Nel caso in esame -a fronte di una motivazione affatto apparente, ma bensì articolata e persuasiva -il ricorrente contestava la sussistenza sia dei gravi indizi di reato, che del pericolo cautelare.
Contrariamente a quanto dedotto il tribunale, con motivazione persuasiva, rilevava che la condotta provvisoriamente ascritta al COGNOME era riconducibile a quella tipicamente posta in essere dall ‘ imprenditore colluso, ovvero da colui che, pur non essendo inserito nella struttura organizzativa del sodalizio, costituisce con la cosca, per libera scelta, un rapporto volto a conseguire reciproci vantaggi.
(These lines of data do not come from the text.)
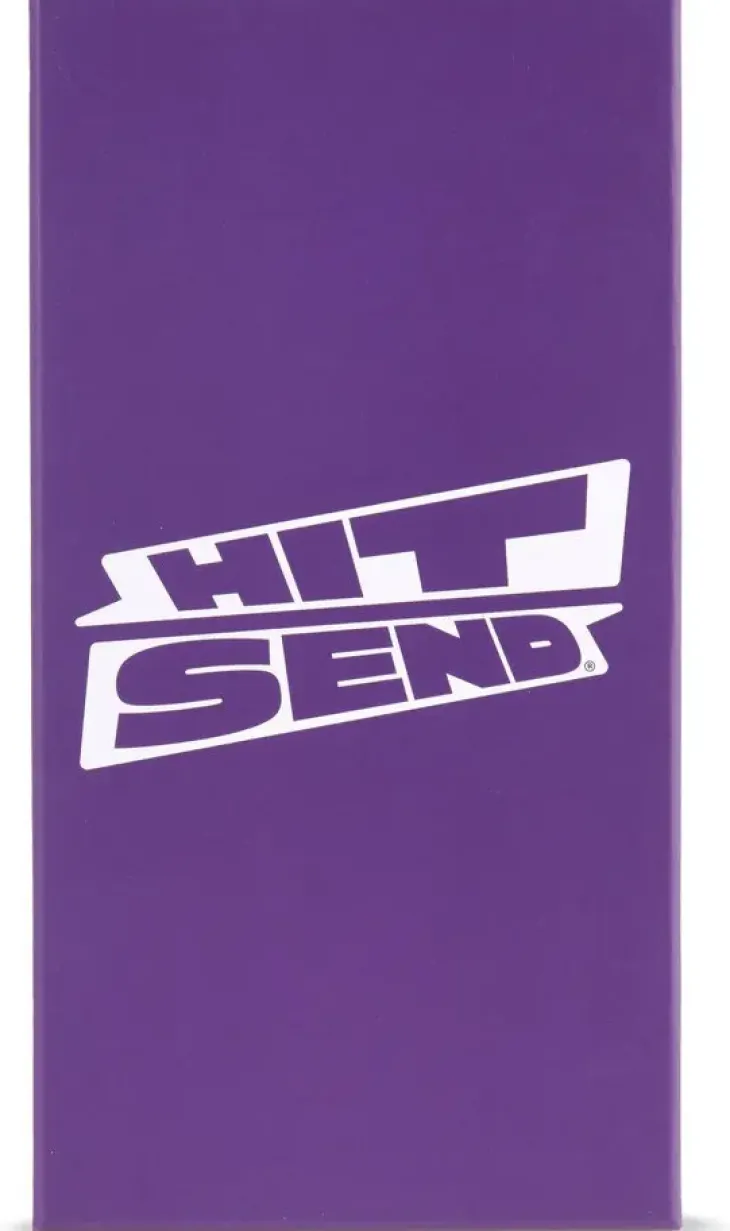 Hit send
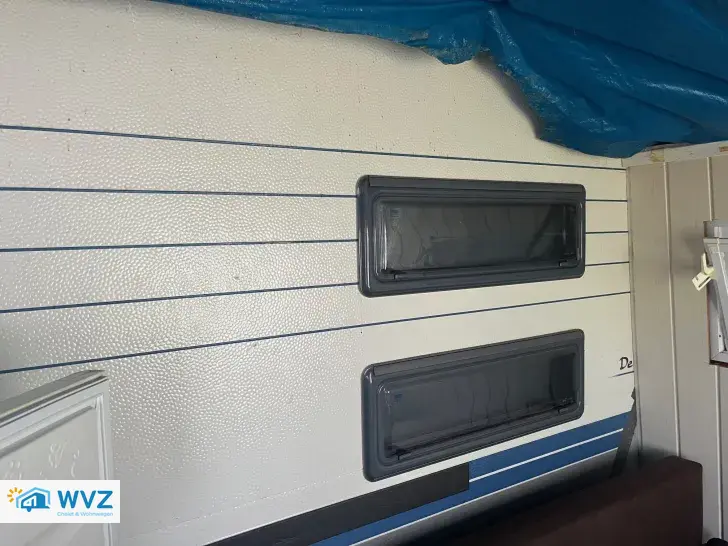 Fahrzeugbild Hobby De Luxe Easy 495 UK Tüv- und Gasprüfung neu #4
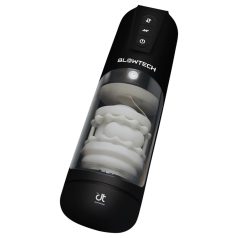 Dreamtoys Blowtech - Vibrating Black Thrusting Masturbator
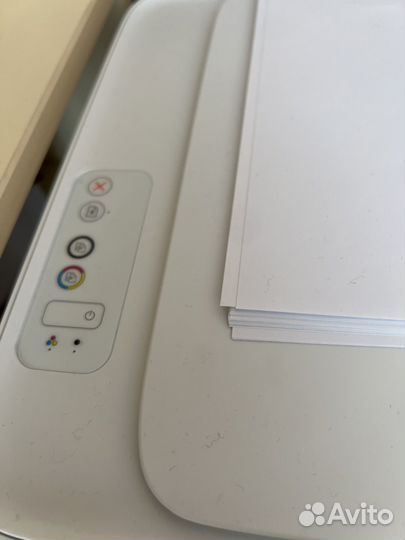 Принтер сканер hp deskjet 2320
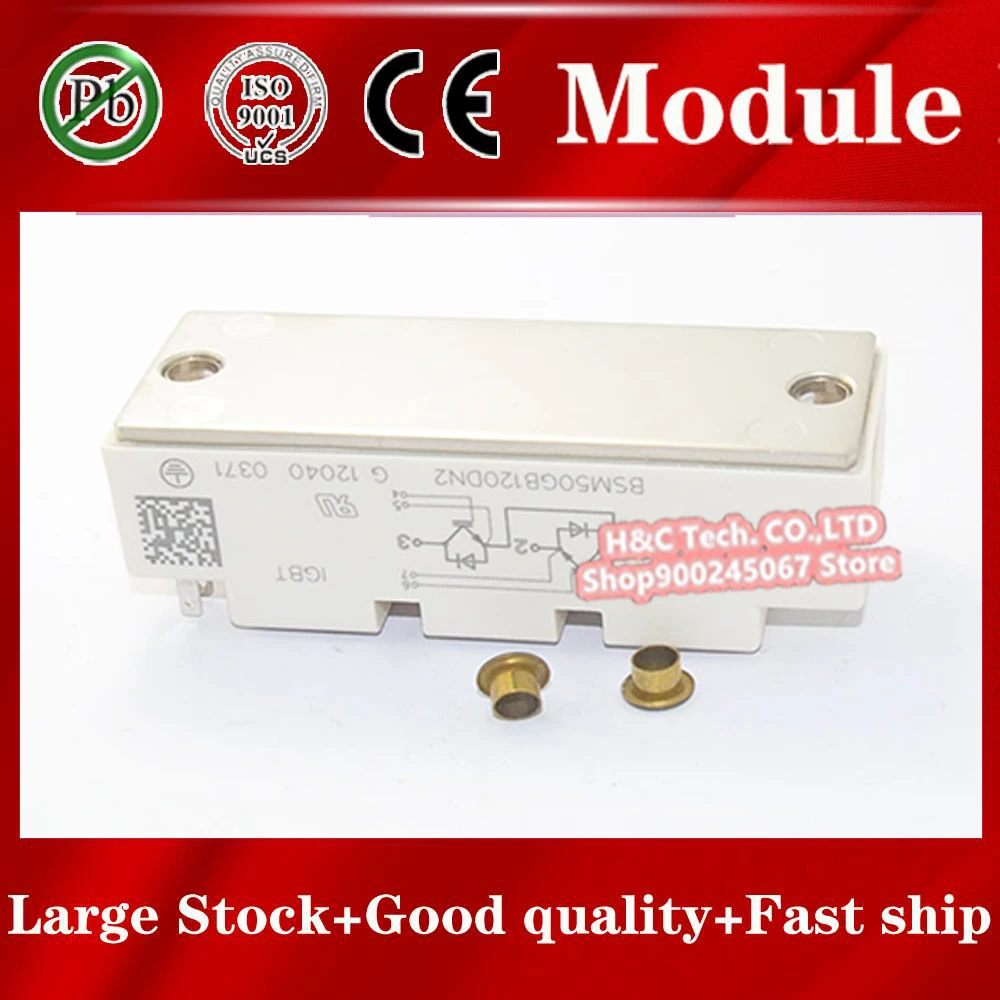 

Fast ship 1pcs BSM50GB120DN Module BSM50GB120DN BSM50GB120DN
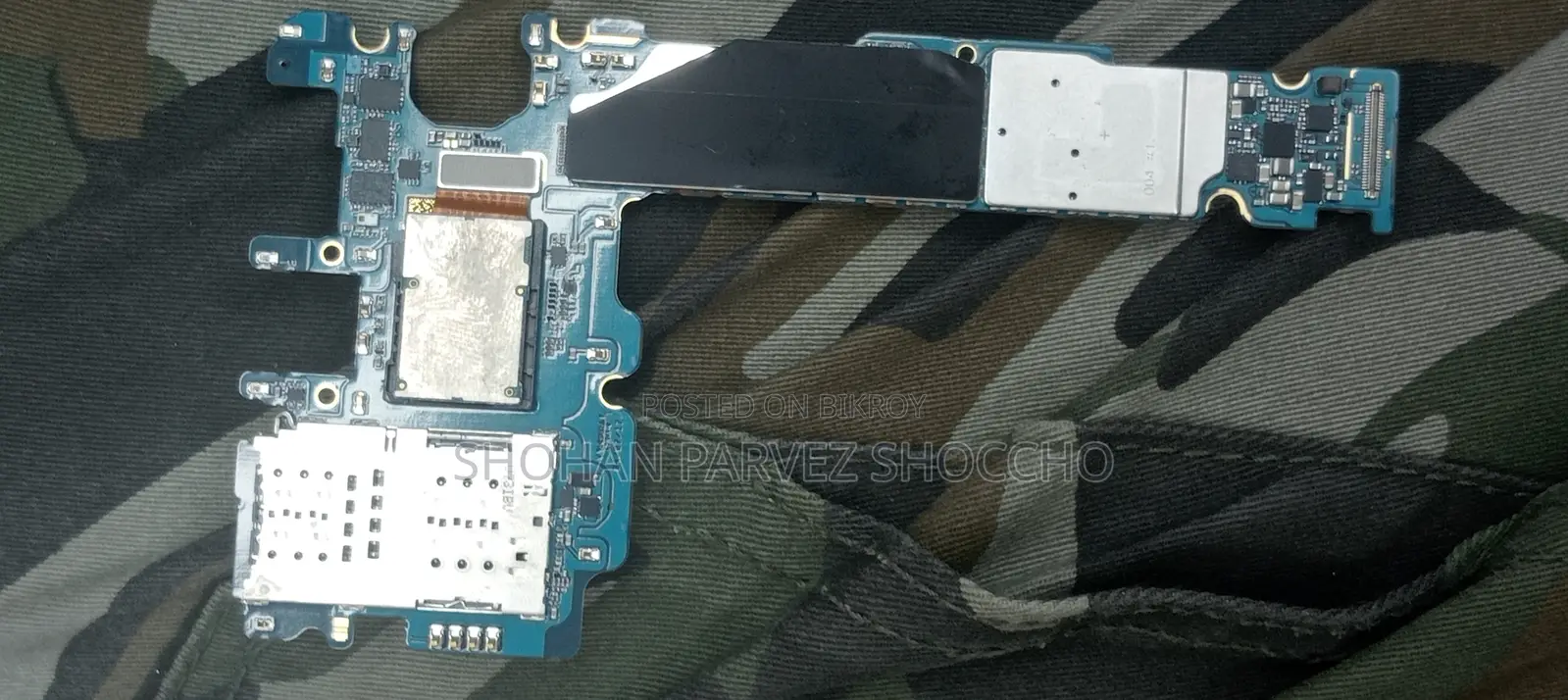 S8+ Samsung motherboard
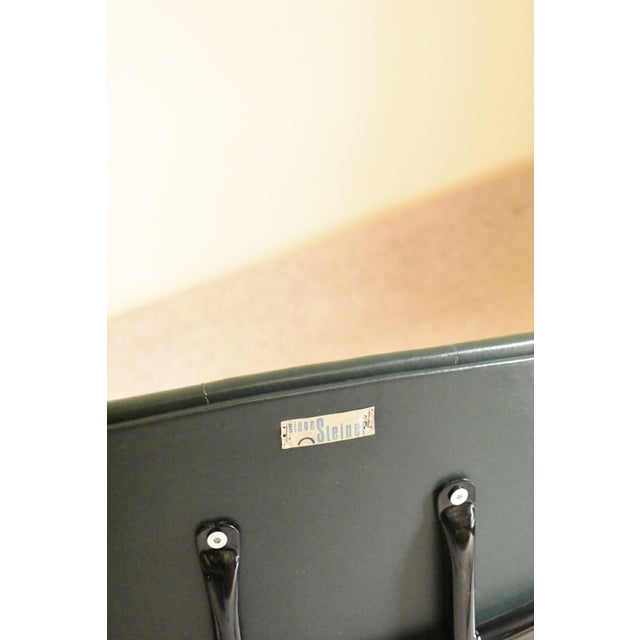 Model Rugby Chairs by Gilbert Steiner for Steiner, 1962, Set of 3 For Sale - Image 9 of 16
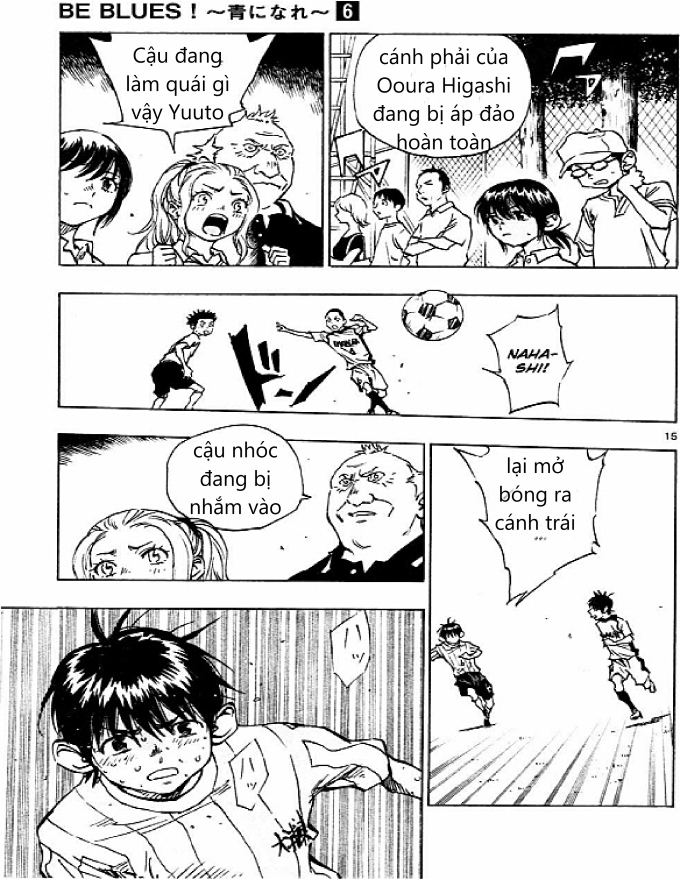 Be Blues - Chương 49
Nel caso in esame gli elementi di prova raccolti indicavano che NOME COGNOME aveva asservito l’azienda intestata alla ricorrente agli interessi della cosca COGNOME, la quale, in tal modo, accresceva il suo controllo sul territorio, offrendo all’imprenditore la ‘ protezione ‘ mafiosa.
Con riferimento al pericolo ex art. 321, comma 2 cod. proc. pen. il tribunale, rilevava (a) la presenza dei reati spia, (b) la disponibilità indiretta dell’azienda formalmente intestata alla ricorrente in capo a NOME COGNOME e, (c) la presenza di una sproporzione tra fonti di reddito lecite e risorse disponibili: circostanze che giustificavano il sequestro cautelare funzionale alla confisca di sproporzione.
Del pari, con riferimento al pericolo relativo al sequestro impeditiv o (anch’esso disposto) si rilevava che la disponibilità della società in capo a NOME COGNOME avrebbe aggravato le conseguenze del reato, favorendo l’intreccio di interessi economici e mafiosi (pagg. 4 e 5 dell’ordinanza impugnata).
Si tratta di motivazione non apparente, logica e fondata su solide emergenze procedimentali, che non può essere oggetto di censure nella materia cautelare reale.
2 .Alla dichiarata inammissibilità del ricorso consegue, per il disposto dell’ art. 616 cod. proc. pen., la condanna del ricorrente al pagamento delle spese processuali nonché al versamento, in favore della Cassa delle ammende, di una somma che si determina equitativamente in euro tremila.
P.Q.M.
Dichiara inammissibile il ricorso e condanna il ricorrente al pagamento delle spese processuali e della somma di euro tremila in favore della Cassa delle ammende.